Studies of transgenic mice expressing tau gene mutations in a familial form of tauopathy (FTDP-17) implicate pathological tau in mechanisms of neurodegenerative dementia. In case of AD, however, the relationship between Aβ and tau has not been clearly elucidated. We are investigating the mechanism from both point of view; Aβ and tau.

Figure. "AD malignant cycle". Abeta overproduction impairs Abeta elimination leading to vascular smooth muscle cells (vSMC) degeneration,cerebral ischemia, and microinfarcts. Ischemia also induces Abeta overproduction. Such vicious circle consists of core pathology in sporadic AD.Note that cessation of Abeta overproduction is not sufficient to sever the cycle.

12. Exploration of novel treatment of cerebrovascular disorders (Drs. Ihara, Tsuji, Saito, Yamamoto)

We use anti-platelet drugs for prevention of cerebral infarction but new treatment with less side effects are required because of hemorrhagic complications. We are developing such new treatments such as peptide hormone, sirtuin activators, and regenerative medicine.

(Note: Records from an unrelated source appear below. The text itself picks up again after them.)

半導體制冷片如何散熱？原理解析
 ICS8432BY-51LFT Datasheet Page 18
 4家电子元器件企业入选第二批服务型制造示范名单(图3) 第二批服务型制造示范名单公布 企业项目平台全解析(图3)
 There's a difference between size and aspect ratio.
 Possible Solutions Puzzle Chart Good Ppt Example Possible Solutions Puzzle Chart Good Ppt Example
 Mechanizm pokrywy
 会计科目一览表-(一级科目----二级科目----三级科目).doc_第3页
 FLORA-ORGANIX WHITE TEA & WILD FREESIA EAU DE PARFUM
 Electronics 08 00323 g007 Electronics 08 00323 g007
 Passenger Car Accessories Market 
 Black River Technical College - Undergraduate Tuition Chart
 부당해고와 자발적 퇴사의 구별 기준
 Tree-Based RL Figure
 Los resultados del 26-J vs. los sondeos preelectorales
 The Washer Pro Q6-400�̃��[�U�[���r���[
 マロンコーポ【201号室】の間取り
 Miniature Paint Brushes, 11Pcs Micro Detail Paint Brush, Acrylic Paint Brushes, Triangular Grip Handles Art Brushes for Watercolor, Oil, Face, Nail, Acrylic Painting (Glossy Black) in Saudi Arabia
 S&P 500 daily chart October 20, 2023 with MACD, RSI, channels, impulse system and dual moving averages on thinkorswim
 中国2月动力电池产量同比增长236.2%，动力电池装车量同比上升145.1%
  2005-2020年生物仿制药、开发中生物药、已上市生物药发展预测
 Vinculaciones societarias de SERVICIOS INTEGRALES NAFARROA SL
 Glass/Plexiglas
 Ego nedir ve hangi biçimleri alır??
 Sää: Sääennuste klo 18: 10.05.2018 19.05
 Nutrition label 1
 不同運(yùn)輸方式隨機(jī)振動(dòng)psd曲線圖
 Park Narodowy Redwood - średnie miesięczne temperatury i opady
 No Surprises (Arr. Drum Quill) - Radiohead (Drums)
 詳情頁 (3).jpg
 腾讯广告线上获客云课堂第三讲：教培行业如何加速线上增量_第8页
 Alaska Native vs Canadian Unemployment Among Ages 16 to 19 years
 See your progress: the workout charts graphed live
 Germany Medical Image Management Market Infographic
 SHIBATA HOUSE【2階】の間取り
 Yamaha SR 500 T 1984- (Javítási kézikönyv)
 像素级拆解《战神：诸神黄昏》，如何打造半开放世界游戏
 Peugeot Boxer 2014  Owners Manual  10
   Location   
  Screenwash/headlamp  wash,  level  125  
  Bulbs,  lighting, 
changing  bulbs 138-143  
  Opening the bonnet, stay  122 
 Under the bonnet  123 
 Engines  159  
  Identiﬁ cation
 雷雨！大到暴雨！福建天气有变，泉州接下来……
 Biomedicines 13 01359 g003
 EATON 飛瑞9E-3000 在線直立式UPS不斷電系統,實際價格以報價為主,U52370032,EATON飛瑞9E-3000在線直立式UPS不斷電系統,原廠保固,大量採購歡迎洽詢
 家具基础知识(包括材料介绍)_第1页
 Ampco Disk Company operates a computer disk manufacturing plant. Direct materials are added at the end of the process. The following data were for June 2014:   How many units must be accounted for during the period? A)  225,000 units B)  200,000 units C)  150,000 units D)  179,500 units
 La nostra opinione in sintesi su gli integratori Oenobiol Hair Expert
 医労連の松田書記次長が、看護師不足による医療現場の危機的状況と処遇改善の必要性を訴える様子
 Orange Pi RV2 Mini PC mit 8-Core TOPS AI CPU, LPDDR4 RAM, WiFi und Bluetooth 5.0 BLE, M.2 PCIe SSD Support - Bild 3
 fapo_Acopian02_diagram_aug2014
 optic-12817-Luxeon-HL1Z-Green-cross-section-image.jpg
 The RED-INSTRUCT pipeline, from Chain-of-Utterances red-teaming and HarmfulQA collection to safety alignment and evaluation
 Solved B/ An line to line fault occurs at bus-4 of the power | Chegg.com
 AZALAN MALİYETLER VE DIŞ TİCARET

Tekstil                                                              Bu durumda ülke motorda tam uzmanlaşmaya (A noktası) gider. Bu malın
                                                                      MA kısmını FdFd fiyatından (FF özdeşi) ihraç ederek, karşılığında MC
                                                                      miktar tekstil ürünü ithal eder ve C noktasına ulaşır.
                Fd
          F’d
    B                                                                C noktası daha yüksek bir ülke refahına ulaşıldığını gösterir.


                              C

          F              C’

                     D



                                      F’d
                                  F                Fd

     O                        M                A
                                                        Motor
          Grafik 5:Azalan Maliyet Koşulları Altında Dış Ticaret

13. A study to establish an algorithm for predicting recovery after stroke (Drs. Ihara, Takahashi)

The aim of this study is to establish a new algorithm for predicting recovery after stroke in combination of neurophysiological techniques and MRI in the acute phase. By insertion of this algorithm into the inclusion criteria of future clinical trials, we aim to establish effective neuroprotective drugs.

Figure. Proposed algorithm for prognosis prediction for stroke.

14. Research on etiology of stroke (especially cerebral hemorrhage) (Drs. Ihara, Tonomura, Saito)

A collaborative work with Osaka University Graduate School of Dentistry showed that Streptococcus mutans is a strong risk factor of cerebral hemorrhage. Although reduced in incidence due to better control of hypertension, cerebral hemorrhage is still prevalent in Japan compared to western countries, and we hope this novel finding will lead to development of new treatment of cerebral hemorrhage.

Figure. Stroke patients with cnm-positive S. mutans showed a significantly higher number of deep microbleeds.

15. Development of PET/SPECT tracers for Alzheimer's disease (Dr. Ihara)

A collaborative work with Kyoto Univ Graduate School of Pharmacology and Department of Pathology of our institute aims to develop novel PET/SPECT tracers to detect pathological changes observed in Alzheimer's disease noninvasively.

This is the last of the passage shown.